Radiological investigation of VTBE
-Radiological confirmation of thromboembolic complication was based on the feasibility of the examination and patients condition, and was performed on the same day or with a 24-hour delay (Table 4).

Table 4: Radiological investigation of VTBE

- In group 1, there were:
    04 cases of pulmonary embolism confirmed by thoracic angioscan. Three patients did not benefit from radiological exploration, because of severity of state, before death.
    4 cases of peripheral thrombosis occuring in patients who had low anti-Xa levels, between 0.1 and 0.14 IU/mL.
- In group 2, there were: 
    04 cases of pulmonary embolism confirmed by thoracic angioscan,
    05 cases of deep vein thrombosis confirmed by radiological explorations (phleboscan or Doppler ultrasound).
Correlation between Enoxaparin dose, total body surface area (TBSA) and weight:
Pearson\\\\\\\\\\\\\\\\\\\\\\\\\\\\\\\'s correlation showed an association between final Enoxaparin dose with weight (correlation=0.21; p=0.02 (Figure 3)) and with TBSA (correlation=0.25; p=0.009 (Figure 4)).
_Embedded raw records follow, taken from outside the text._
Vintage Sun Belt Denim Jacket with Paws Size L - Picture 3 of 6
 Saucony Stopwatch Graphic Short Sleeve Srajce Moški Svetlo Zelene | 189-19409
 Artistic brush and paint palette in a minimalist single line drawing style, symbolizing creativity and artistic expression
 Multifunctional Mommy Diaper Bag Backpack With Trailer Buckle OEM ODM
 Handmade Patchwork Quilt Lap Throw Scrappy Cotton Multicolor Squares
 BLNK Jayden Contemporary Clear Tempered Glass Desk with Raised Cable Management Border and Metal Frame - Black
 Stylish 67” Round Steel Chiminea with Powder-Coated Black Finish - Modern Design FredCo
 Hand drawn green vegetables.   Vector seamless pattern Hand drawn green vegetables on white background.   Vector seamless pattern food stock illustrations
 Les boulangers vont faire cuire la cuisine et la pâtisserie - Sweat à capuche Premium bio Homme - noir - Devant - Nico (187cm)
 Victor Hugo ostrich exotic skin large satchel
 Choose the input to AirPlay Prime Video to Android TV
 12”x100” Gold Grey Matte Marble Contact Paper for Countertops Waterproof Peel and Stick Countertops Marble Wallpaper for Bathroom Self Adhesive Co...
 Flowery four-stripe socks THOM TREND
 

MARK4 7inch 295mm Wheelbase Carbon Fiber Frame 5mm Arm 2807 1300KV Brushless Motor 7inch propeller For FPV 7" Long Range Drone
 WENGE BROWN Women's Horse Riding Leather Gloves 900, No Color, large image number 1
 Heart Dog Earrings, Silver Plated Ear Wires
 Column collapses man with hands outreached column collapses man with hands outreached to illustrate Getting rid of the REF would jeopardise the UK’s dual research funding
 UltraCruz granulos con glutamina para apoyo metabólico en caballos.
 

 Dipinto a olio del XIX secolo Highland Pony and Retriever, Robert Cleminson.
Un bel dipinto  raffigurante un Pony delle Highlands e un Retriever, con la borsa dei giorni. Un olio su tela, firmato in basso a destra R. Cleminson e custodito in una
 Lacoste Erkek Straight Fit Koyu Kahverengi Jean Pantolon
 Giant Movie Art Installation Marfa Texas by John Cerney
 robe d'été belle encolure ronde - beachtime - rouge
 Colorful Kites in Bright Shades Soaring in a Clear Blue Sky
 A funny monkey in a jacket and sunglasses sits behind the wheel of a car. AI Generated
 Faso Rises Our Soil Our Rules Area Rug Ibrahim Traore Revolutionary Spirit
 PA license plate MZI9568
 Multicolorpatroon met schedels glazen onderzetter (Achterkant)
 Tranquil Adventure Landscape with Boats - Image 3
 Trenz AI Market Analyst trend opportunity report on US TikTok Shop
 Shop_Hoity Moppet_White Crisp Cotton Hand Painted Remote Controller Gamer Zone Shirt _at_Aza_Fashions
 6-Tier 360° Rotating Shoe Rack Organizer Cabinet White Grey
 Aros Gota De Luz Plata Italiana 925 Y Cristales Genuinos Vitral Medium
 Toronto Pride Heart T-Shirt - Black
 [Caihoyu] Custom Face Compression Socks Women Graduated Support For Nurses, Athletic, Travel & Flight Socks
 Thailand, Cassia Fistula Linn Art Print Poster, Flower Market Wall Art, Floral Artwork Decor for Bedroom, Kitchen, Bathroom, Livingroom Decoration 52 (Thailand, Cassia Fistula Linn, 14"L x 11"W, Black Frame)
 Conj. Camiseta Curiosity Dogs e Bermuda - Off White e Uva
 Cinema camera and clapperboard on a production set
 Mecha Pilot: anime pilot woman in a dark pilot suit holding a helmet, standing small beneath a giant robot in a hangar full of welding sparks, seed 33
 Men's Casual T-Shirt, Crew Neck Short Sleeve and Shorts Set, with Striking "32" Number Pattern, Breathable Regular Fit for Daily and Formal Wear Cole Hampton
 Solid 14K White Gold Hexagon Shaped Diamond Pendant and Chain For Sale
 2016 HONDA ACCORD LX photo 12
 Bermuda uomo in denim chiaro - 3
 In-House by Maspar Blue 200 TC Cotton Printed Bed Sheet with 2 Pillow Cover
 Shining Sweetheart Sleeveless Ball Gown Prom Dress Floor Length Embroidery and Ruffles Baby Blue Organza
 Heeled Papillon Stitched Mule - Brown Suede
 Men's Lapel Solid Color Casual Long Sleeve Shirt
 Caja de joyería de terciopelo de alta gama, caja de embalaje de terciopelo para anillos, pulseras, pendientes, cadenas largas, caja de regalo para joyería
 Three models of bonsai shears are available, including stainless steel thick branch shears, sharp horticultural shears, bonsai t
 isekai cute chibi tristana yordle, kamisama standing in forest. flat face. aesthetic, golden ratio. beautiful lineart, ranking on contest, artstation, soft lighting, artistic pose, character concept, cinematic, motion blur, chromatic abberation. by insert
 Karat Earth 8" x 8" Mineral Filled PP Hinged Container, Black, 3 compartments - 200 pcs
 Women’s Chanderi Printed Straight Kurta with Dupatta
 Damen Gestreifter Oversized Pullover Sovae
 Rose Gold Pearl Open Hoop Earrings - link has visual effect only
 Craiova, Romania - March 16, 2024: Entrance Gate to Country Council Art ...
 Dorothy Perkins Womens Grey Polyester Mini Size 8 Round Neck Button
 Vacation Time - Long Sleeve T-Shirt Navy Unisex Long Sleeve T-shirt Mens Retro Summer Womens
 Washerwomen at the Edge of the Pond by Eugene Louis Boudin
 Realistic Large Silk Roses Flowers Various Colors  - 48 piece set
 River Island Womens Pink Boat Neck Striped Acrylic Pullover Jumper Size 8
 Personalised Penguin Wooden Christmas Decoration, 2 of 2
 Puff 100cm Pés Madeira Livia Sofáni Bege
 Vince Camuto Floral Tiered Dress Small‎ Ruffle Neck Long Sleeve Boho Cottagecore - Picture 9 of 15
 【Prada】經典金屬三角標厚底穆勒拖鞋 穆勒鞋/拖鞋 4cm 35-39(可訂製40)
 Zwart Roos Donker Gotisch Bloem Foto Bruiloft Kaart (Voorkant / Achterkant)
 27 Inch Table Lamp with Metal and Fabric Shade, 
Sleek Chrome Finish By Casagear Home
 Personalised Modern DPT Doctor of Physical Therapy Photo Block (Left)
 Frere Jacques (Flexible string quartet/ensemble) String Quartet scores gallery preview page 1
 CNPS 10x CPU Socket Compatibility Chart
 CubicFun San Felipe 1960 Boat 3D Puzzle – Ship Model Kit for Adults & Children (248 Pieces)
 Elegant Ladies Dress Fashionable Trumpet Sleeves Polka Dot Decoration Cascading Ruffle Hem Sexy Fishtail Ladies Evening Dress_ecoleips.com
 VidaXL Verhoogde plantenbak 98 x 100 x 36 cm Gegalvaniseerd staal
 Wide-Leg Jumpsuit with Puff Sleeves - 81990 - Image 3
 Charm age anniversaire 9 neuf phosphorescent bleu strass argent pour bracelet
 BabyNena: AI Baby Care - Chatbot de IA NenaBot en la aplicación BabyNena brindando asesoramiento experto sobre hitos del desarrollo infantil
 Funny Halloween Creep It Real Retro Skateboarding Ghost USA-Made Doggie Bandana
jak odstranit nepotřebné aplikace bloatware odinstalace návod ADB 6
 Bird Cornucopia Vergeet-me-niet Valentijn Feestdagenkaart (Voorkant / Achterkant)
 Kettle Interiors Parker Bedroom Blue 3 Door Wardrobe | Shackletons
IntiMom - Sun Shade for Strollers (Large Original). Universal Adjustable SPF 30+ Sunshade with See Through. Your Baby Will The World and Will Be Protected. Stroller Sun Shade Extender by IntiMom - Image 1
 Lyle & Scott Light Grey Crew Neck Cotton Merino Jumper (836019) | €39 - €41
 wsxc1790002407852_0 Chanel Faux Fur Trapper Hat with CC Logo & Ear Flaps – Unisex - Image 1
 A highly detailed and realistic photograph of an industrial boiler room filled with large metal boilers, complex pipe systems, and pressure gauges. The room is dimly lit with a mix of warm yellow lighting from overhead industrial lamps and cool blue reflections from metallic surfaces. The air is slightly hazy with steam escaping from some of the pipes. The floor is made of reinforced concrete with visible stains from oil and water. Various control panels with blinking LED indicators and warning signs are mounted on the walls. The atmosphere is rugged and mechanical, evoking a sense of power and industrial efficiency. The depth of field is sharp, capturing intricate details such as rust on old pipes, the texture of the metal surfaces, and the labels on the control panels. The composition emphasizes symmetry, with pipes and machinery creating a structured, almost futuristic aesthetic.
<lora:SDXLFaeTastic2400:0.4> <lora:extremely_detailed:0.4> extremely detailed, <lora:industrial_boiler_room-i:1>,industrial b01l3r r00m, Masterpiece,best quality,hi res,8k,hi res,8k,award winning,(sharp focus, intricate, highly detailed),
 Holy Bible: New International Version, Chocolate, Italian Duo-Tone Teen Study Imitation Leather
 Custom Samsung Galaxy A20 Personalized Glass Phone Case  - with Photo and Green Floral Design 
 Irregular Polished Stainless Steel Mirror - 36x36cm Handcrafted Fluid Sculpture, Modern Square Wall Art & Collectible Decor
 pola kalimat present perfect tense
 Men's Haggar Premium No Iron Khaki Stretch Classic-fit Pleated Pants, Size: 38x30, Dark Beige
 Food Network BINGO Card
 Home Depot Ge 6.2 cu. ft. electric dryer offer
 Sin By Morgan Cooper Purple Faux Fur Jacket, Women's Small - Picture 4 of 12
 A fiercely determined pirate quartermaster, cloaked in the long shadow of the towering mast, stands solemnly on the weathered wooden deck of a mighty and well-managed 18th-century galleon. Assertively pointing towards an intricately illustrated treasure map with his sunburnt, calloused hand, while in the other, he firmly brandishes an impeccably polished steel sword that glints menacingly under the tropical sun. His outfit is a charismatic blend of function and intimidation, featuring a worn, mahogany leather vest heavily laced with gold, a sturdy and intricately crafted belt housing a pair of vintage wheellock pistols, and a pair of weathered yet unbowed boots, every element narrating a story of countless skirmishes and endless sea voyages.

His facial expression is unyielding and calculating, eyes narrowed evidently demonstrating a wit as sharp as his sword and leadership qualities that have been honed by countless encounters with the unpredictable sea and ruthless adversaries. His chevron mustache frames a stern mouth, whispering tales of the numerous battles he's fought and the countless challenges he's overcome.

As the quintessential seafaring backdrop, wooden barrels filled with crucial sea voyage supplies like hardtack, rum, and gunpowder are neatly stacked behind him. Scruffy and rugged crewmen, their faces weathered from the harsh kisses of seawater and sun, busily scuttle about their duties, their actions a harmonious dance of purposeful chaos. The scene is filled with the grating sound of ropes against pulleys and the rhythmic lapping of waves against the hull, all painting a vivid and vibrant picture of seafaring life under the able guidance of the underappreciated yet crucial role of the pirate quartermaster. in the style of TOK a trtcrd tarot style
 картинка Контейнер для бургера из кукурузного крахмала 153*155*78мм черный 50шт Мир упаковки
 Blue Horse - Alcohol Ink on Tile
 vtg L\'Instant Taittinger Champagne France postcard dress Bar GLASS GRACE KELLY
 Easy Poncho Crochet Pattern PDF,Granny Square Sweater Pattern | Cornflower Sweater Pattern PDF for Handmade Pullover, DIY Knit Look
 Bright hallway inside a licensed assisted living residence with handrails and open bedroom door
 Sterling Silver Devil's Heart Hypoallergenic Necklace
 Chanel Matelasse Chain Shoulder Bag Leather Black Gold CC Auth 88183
Figure 3: Correlation between dose of Enoxaparine and weight

Linear regression showed a relationship between increasing Enoxaparin dose with TBSA and weight (R²=0.31; p=0.004).

Incidence of thromboembolic complications
The incidence of thromboembolic complications was  higher  in  group  2  (8,3%  versus 3,7%;
OR=3.25; 95% CI [1.31-8.02],p= 0.001) (Table 5).

Table 5: Incidence of VTBE in 2 groups

Discussion
In the literature, the incidence of thromboembolic complication in burns differs from one study to another depending on whether it is retrospective or prospective, the severity of burned patients, and the modalities of prophylaxis. In addition, no study has assessed the efficacy of antithrombotic prophylaxis in burn patient (Table 6).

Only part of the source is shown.